What to work on:
For the records below, print the lines from the line with "Used 2018 Mercedes-Benz" through the line with "KarenMillen Petite robe" exactly as written; include both end lines and exclude the rest.

Provided records:
________________________________________

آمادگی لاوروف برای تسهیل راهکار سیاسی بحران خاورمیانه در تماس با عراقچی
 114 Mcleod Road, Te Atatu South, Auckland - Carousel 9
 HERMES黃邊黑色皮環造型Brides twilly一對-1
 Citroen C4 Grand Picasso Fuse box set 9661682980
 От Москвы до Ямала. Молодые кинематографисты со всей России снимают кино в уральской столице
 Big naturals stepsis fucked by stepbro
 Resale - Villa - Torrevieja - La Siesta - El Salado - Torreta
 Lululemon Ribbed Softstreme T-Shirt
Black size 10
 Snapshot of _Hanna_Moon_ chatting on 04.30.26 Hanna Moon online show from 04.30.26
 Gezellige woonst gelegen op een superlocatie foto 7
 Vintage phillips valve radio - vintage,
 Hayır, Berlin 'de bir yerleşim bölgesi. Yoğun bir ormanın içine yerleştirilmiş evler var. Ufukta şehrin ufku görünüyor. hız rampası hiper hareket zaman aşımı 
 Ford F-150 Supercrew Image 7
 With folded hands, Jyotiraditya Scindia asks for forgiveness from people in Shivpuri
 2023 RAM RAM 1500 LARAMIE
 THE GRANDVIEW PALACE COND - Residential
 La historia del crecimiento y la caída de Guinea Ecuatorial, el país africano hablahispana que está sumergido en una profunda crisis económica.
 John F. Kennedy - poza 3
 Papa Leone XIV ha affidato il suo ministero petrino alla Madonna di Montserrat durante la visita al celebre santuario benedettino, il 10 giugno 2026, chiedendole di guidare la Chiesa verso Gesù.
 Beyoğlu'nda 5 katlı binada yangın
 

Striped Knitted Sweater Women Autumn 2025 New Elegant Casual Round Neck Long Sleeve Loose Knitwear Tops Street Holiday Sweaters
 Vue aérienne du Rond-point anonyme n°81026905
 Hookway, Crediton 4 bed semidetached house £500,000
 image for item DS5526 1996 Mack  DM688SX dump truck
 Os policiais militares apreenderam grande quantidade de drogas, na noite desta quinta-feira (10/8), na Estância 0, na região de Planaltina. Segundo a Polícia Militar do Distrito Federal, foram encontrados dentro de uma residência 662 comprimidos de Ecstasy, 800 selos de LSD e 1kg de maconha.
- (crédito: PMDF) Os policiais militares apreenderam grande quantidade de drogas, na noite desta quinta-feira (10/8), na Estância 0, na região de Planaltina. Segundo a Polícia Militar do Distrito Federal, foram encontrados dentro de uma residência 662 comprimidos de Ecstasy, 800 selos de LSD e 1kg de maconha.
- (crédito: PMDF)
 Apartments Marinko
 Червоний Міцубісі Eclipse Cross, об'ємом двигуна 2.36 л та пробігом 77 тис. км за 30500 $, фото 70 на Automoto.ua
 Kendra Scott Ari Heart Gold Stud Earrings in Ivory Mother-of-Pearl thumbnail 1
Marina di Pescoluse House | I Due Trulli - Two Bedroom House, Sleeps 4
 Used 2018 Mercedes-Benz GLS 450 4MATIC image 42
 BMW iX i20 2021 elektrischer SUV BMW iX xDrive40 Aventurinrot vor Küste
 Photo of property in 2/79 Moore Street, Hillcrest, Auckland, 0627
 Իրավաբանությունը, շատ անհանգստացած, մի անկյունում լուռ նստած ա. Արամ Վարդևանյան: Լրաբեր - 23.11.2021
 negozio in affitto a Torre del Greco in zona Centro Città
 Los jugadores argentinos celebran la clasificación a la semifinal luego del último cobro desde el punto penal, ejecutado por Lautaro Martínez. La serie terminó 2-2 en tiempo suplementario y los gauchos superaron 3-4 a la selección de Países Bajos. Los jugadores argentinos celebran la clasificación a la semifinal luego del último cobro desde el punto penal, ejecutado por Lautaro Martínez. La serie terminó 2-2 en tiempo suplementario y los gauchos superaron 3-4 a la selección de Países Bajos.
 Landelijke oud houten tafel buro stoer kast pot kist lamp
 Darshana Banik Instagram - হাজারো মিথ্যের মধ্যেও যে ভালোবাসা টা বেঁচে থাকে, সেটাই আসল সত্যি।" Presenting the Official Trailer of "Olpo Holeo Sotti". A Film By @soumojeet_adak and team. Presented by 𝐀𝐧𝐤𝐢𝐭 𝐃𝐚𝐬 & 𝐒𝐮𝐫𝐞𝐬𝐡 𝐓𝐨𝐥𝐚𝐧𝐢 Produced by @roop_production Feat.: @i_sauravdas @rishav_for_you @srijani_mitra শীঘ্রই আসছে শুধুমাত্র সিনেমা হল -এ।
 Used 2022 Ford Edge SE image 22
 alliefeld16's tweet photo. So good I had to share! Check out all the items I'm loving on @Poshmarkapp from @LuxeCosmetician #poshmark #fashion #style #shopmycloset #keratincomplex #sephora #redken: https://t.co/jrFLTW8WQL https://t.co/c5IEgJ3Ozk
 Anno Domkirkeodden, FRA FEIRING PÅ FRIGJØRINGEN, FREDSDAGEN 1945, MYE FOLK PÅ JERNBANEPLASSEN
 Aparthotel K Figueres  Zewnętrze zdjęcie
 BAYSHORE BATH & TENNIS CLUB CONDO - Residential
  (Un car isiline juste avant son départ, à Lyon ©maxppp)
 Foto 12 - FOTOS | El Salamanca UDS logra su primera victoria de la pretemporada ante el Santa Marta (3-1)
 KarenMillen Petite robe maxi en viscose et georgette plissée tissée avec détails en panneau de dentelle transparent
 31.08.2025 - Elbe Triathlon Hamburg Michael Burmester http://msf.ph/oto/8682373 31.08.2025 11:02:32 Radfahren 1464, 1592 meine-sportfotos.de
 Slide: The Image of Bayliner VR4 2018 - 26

________________________________________

Result for this task:
 Used 2018 Mercedes-Benz GLS 450 4MATIC image 42
 BMW iX i20 2021 elektrischer SUV BMW iX xDrive40 Aventurinrot vor Küste
 Photo of property in 2/79 Moore Street, Hillcrest, Auckland, 0627
 Իրավաբանությունը, շատ անհանգստացած, մի անկյունում լուռ նստած ա. Արամ Վարդևանյան: Լրաբեր - 23.11.2021
 negozio in affitto a Torre del Greco in zona Centro Città
 Los jugadores argentinos celebran la clasificación a la semifinal luego del último cobro desde el punto penal, ejecutado por Lautaro Martínez. La serie terminó 2-2 en tiempo suplementario y los gauchos superaron 3-4 a la selección de Países Bajos. Los jugadores argentinos celebran la clasificación a la semifinal luego del último cobro desde el punto penal, ejecutado por Lautaro Martínez. La serie terminó 2-2 en tiempo suplementario y los gauchos superaron 3-4 a la selección de Países Bajos.
 Landelijke oud houten tafel buro stoer kast pot kist lamp
 Darshana Banik Instagram - হাজারো মিথ্যের মধ্যেও যে ভালোবাসা টা বেঁচে থাকে, সেটাই আসল সত্যি।" Presenting the Official Trailer of "Olpo Holeo Sotti". A Film By @soumojeet_adak and team. Presented by 𝐀𝐧𝐤𝐢𝐭 𝐃𝐚𝐬 & 𝐒𝐮𝐫𝐞𝐬𝐡 𝐓𝐨𝐥𝐚𝐧𝐢 Produced by @roop_production Feat.: @i_sauravdas @rishav_for_you @srijani_mitra শীঘ্রই আসছে শুধুমাত্র সিনেমা হল -এ।
 Used 2022 Ford Edge SE image 22
 alliefeld16's tweet photo. So good I had to share! Check out all the items I'm loving on @Poshmarkapp from @LuxeCosmetician #poshmark #fashion #style #shopmycloset #keratincomplex #sephora #redken: https://t.co/jrFLTW8WQL https://t.co/c5IEgJ3Ozk
 Anno Domkirkeodden, FRA FEIRING PÅ FRIGJØRINGEN, FREDSDAGEN 1945, MYE FOLK PÅ JERNBANEPLASSEN
 Aparthotel K Figueres  Zewnętrze zdjęcie
 BAYSHORE BATH & TENNIS CLUB CONDO - Residential
  (Un car isiline juste avant son départ, à Lyon ©maxppp)
 Foto 12 - FOTOS | El Salamanca UDS logra su primera victoria de la pretemporada ante el Santa Marta (3-1)
 KarenMillen Petite robe maxi en viscose et georgette plissée tissée avec détails en panneau de dentelle transparent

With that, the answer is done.